Darf ich an dieser Stelle kurz mit dieser Bewertung zur Zimmerausstatung zwischenbilanzieren: Dieser Steckstift ist die Schreckschraube im Hotelzimmer.
Horror im Hotelschrank: Dritter Anklagepunkt
Dass der Hotelier mich (und alle anderen Gäste) mit diesen Bügeln unter Diebstahl-Generalverdacht stellt, ist ja schon eine Beleidigung per se. Aber auch eine Bevormundung: Vielleicht möchte ich mein Hemd oder meine Jacke ja gerne auf dem Balkon oder am Fenster aufhängen. Oder im Badezimmer platzieren, wo der Dusch-Dampf Falten glätten soll.
Mit diesen Steck-Bügeln geht das aber nicht. Konklusio: Alleine der Gastgeber bestimmt, wo ich meine Kleider gefälligst aufzuhängen habe: Im Schrank – und nirgends sonst, Du potenzieller Hotelkleiderbügeldieb, Du!
Vor allem in guten Hotels
Nun könnte man denken, dass man dieser Hotelbügel-Seuche vor allem in billigen Hotels begegnen würde, wo ein seelenloser Erbsenzähler in seinem Kämmerchen hinter der Rezeption in kranker Hingabe die Kosten (und das Gäste-Erlebnis) stranguliert. Aber weit gefehlt. Auf meinen Städtetrips nächtige ich oft in Zweistern-Häusern – und dort bin ich dieser hängenden Beleidigung der Hotelausstattung noch nicht begegnet.

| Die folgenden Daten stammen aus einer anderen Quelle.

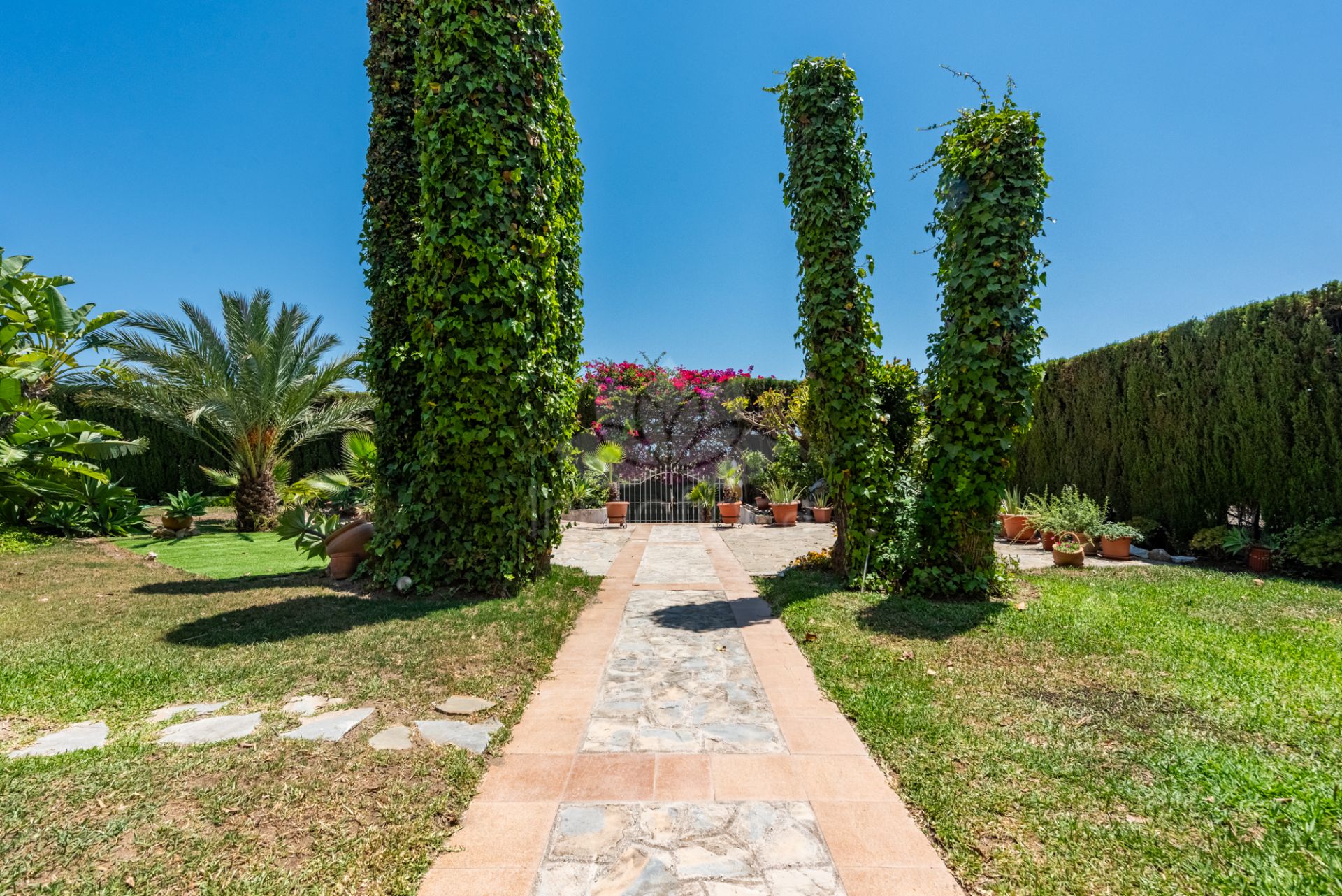 Villa in Atalaya Golf, Estepona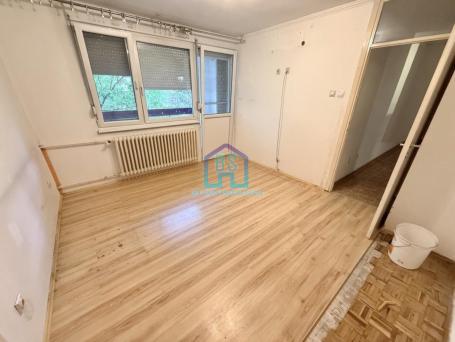Dvosoban stan 43 m², Novo Naselje, Novi Sad, 1. sprat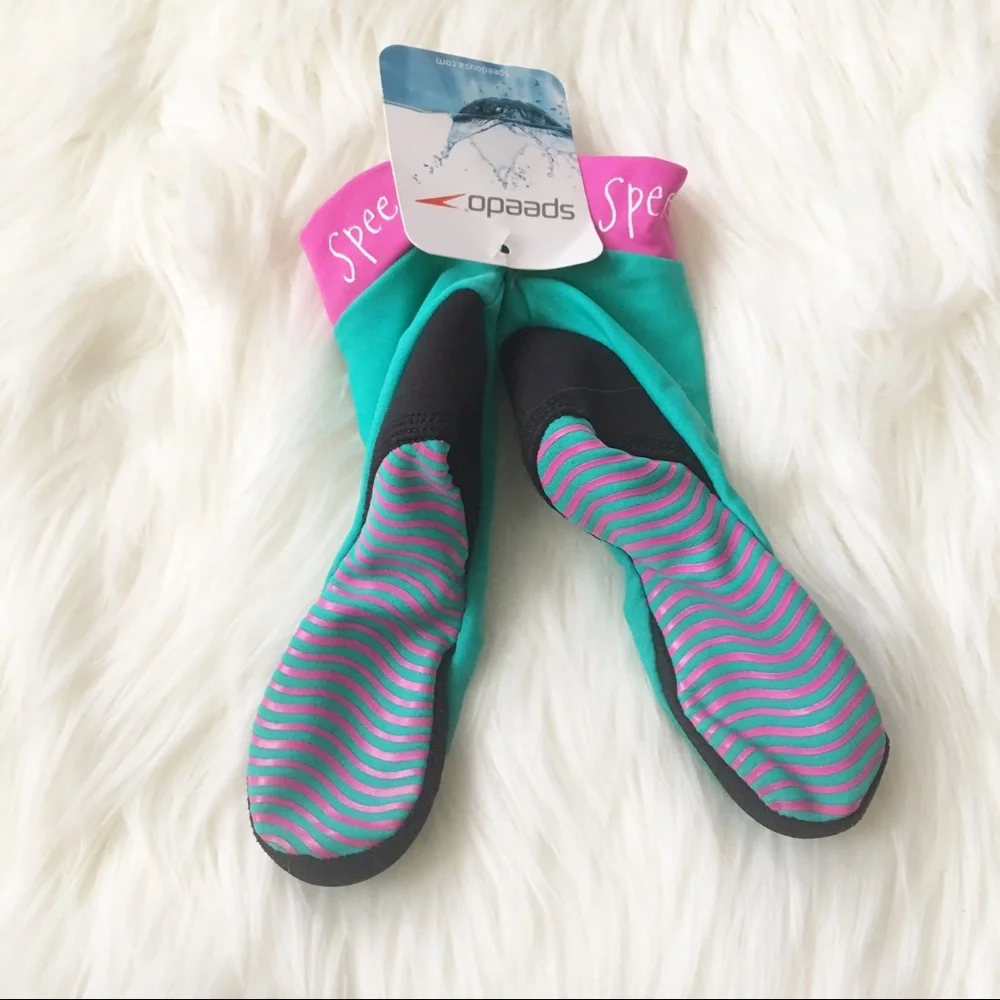 NWT Speedo Water Socks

Nicht einmal im Hans Brinker Hostel in Amsterdam, lange Zeit bekannt als das «schlechteste Hotel der Welt», habe ich – wenn ich mich recht erinnere – solchen Hotel-Hanger-Hate erlebt. Dafür aber letzten Herbst in einem (sehr geschmackvoll eingerichteten) 4-Stern-Hotel an der Costa Brava und dieses Jahr in einem (ansonsten sehr angenehmen) 4-Stern-Stadthotel in Berlin oder jüngst im ganz passablen 3-Stern-Haus in Griechenland. Namen? Nenne ich bis zur Hauptverhandlung noch keine.

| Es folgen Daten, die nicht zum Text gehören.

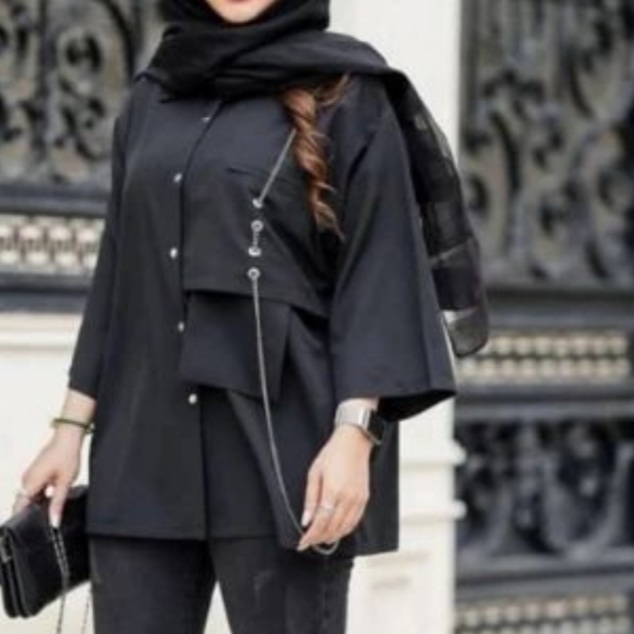 خرید عمده مانتو مدل old new york neighborhood از جنس داکرون فری سایز دارای رنگبندی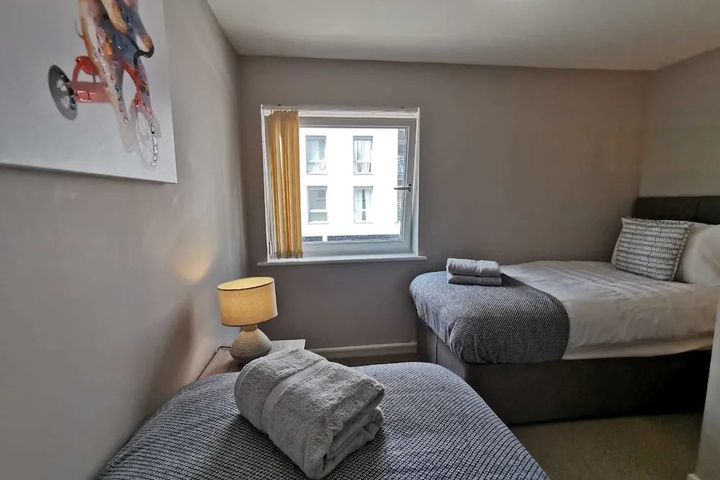 Room 2 of 10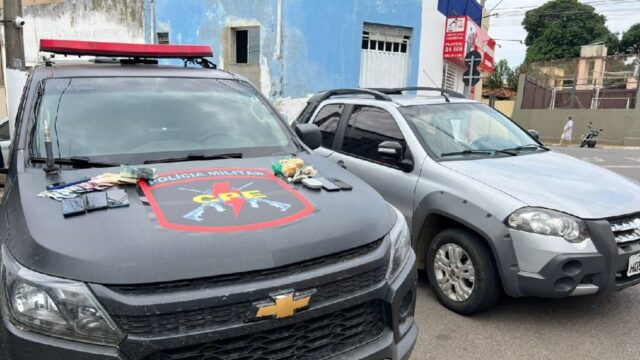 Operação policial em Catalão: Suspeito é preso com carro furtado e drogas após tentativa de fuga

Nun könnte man angesichts all der Herausforderungen auf unserem Erdenrund spotten, dass hier ein wohlstandsverwahrloster Geck über ein Problem ätzt, das ja eher eine Petitesse ist im Vergleich zu allen anderen Dingen, die schief gehen auf diesem Planeten. Ein sogenanntes First World Problem, ein Luxus-Problemli. Ein Detail. Und ja, das ist wohl auch nicht ganz falsch.

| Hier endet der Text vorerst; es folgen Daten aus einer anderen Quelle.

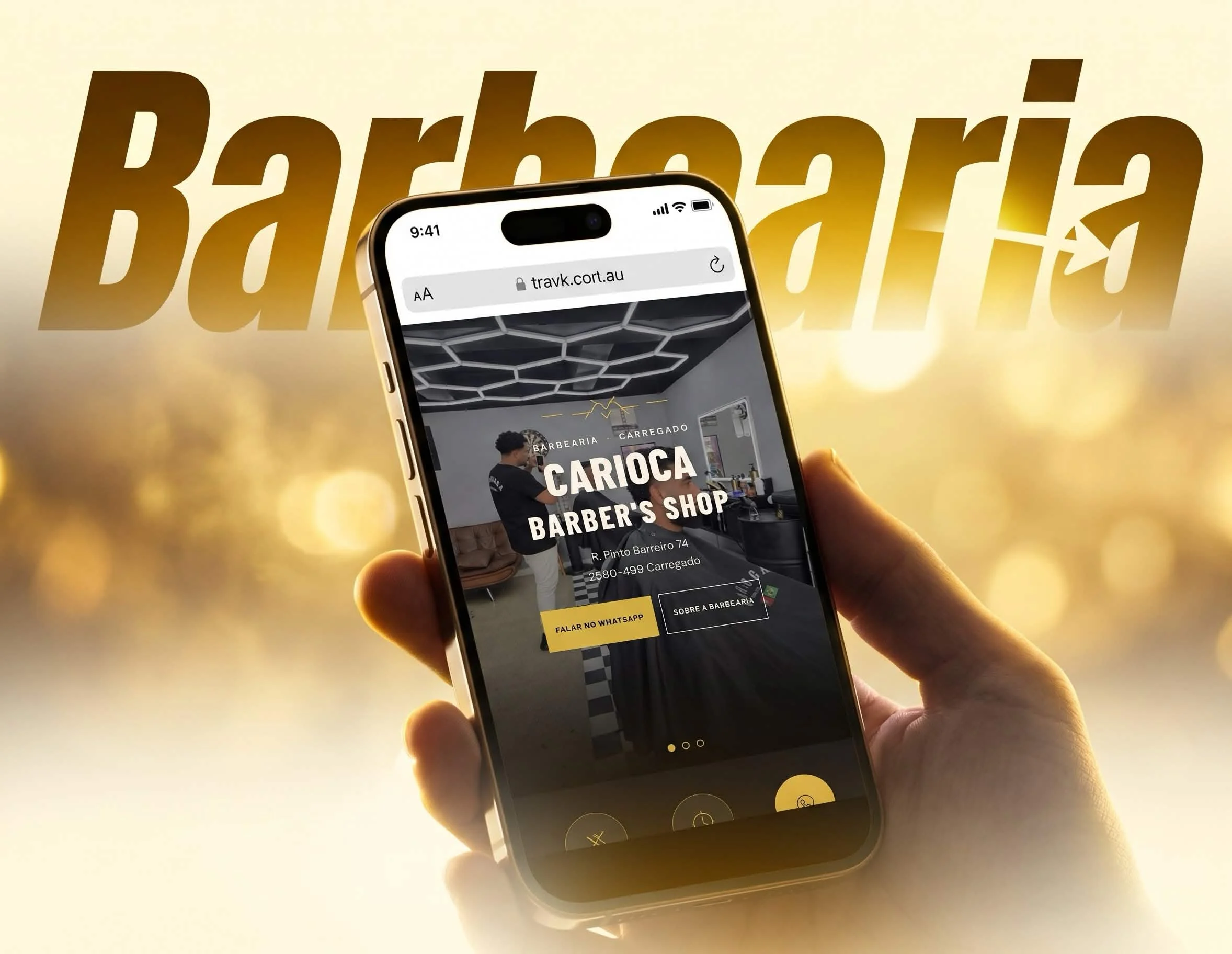 Conceito de site mobile para a Barbearia Carioca, exibido em um celular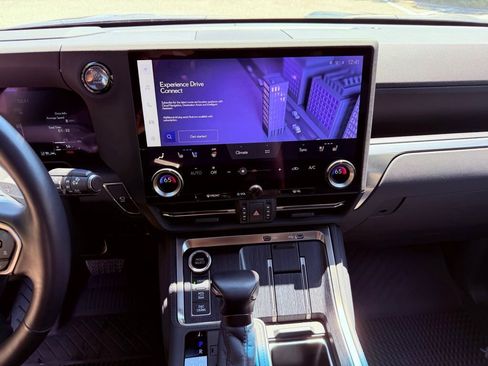 Certified 2024 Lexus GX 550 AWD/4WD image 28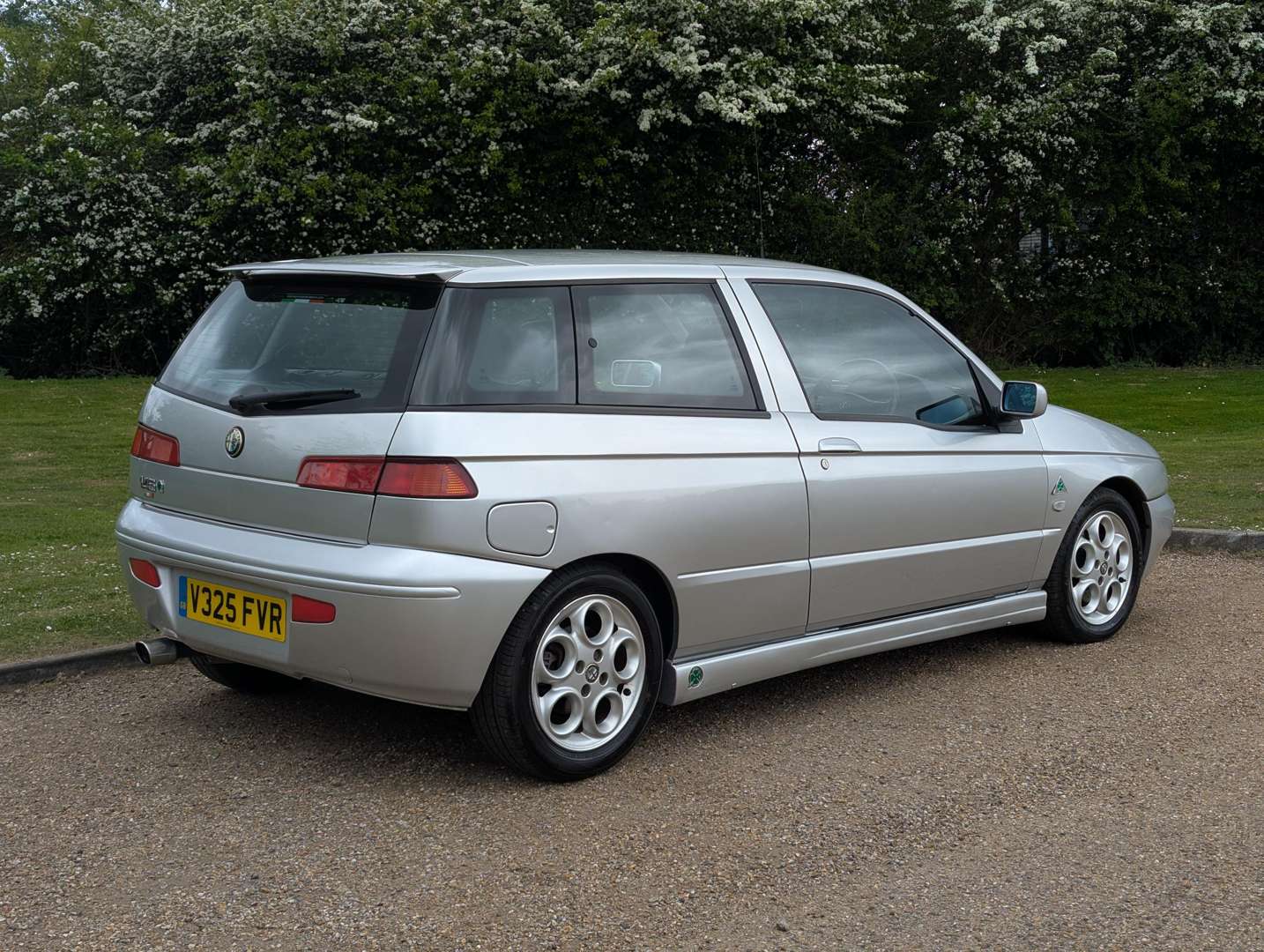 <p>2000 ALFA ROMEO 145 CLOVERLEAF</p>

Ärgern tut es mich trotzdem. Weil sich Gastgebertum nun auch mal im Umgang mit Details zeigt. Und schliesslich bezahle ich für diese Hotelzimmer First-World-Preise. Da möchte ich mich wohl fühlen. Und nicht von Beginn weg als Dieb. Jetzt bin ich (fürs erste) fertig mit meiner Anklageschrift. Ich bügle ab, bleibe tapfer und murmle zum Abschied leise das, was ich auch mir selber immer sage, wenn mich der Hotel-Wutbürger zu überkommen droht: Hang loose, bleib locker.